Hi All,
I've been fooling around NVIDIA CUDA (the new architecture for
parallel general-purpose computing on their latest video cards
such as the GeForce 8800 series). In my opinion, these devices
promise to be the perfect acceleration platform for FLAC. They
offer massive SIMD-type parallelism for floating-point processing,
with two available kinds of batching (thread blocks vs. grids)
mapping very nicely to FLAC's operations within audio frames vs.
across frames.
For example, compute_autocorrelation() parallelizes very nicely
using a thread block: in lpc.c, "the readable version"
while (lag--) {
for (i = lag, d = 0.0; i < data_len; i++)

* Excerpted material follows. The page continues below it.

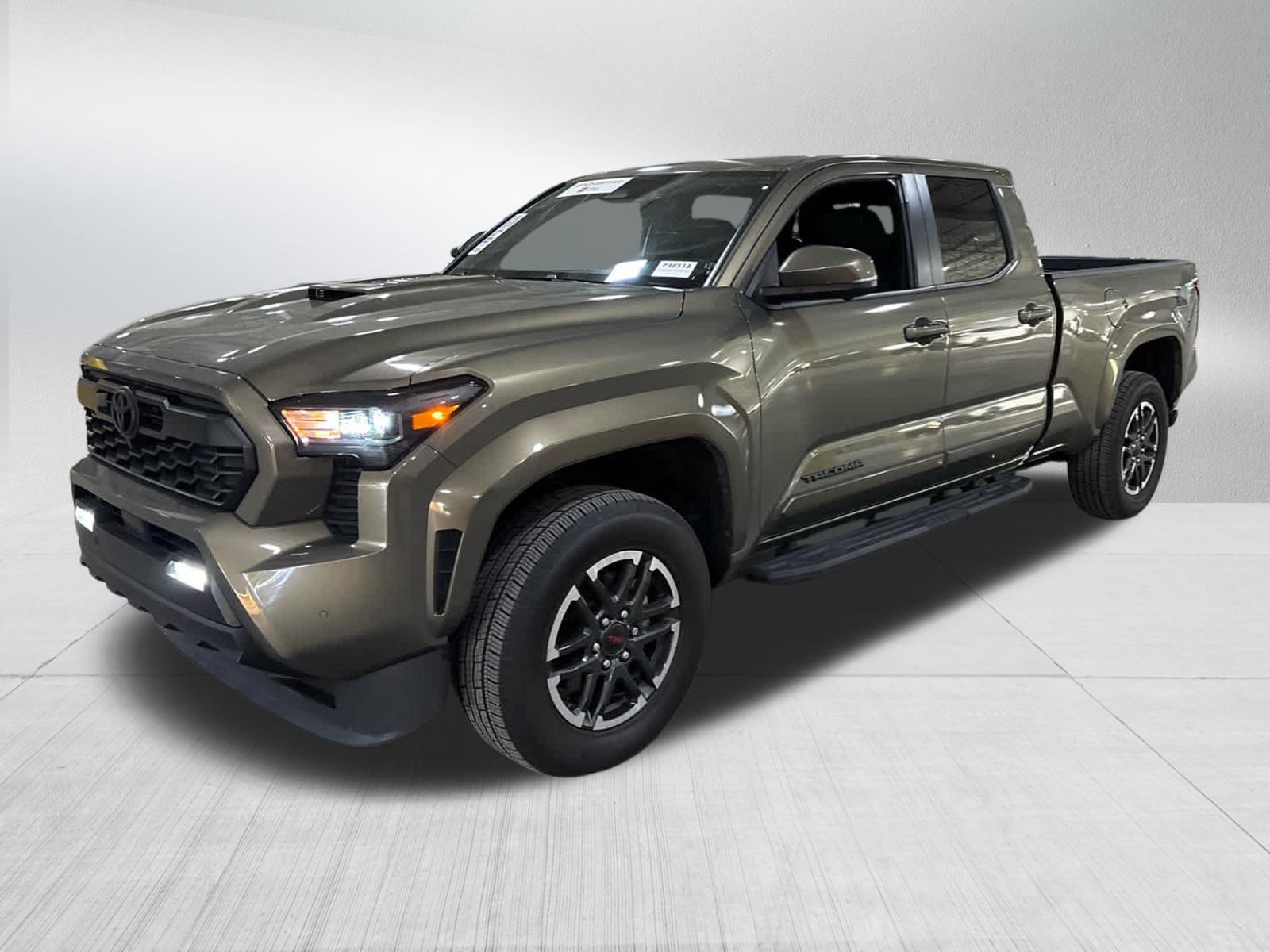 Certified 2024 Toyota Tacoma TRD Sport w/ TRD Sport Premium Package AWD/4WD image 3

d += data[i] * data[i-lag];
autoc[lag] = d;
}
instead of looping through the "while" block sequentially, we
launch a 'lag' number of threads, each computing autoc[lag] for
the corresponding index on its own processor, the code looking
something like this:
for (i = threadIdx, d = 0.0; i < data_len; i++)
d += data[i] * data[i-lag];
autoc[threadIdx] = d;
This only goes to a certain amount of threads per block.
In addition to this kind of parallelism, grids of blocks (which do
not share memory, unlike threads within the same block) can be used
to process several audio frames at once. This is somewhat tricky,
given the explicitly stream-oriented API, and also some CUDA
peculiarities.
With the 330 GFLOPS from the current cards... I'd expect quite a
significant acceleration.
Does anyone find this interesting?
Josh: do you think this would be worth including in the FLAC codebase
when implemented?
-- boris